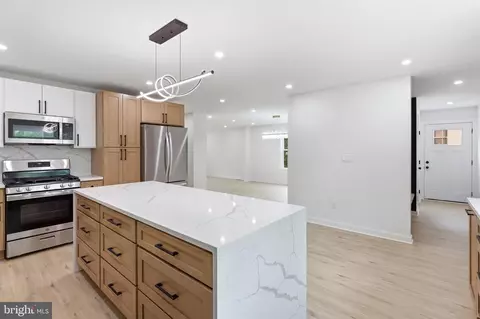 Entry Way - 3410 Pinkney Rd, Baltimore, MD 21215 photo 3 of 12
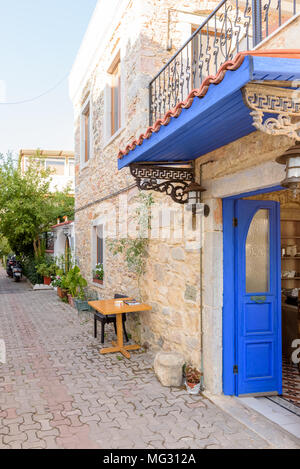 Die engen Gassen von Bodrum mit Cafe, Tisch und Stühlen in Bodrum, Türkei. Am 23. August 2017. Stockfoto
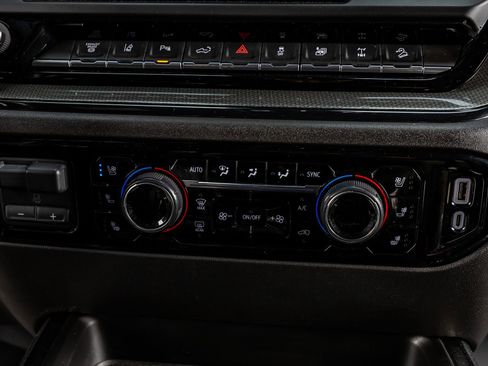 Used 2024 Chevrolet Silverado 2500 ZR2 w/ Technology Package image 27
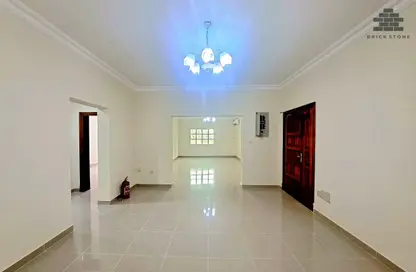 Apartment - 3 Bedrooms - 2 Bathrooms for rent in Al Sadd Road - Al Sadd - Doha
=-=-=-=-=
**What the exercise asks**: A word-for-word copy of all the data, without pictures, is the expected output.

**Response area**:
 Entry Way - 3410 Pinkney Rd, Baltimore, MD 21215 photo 3 of 12
 Die engen Gassen von Bodrum mit Cafe, Tisch und Stühlen in Bodrum, Türkei. Am 23. August 2017. Stockfoto
 Used 2024 Chevrolet Silverado 2500 ZR2 w/ Technology Package image 27
 Apartment - 3 Bedrooms - 2 Bathrooms for rent in Al Sadd Road - Al Sadd - Doha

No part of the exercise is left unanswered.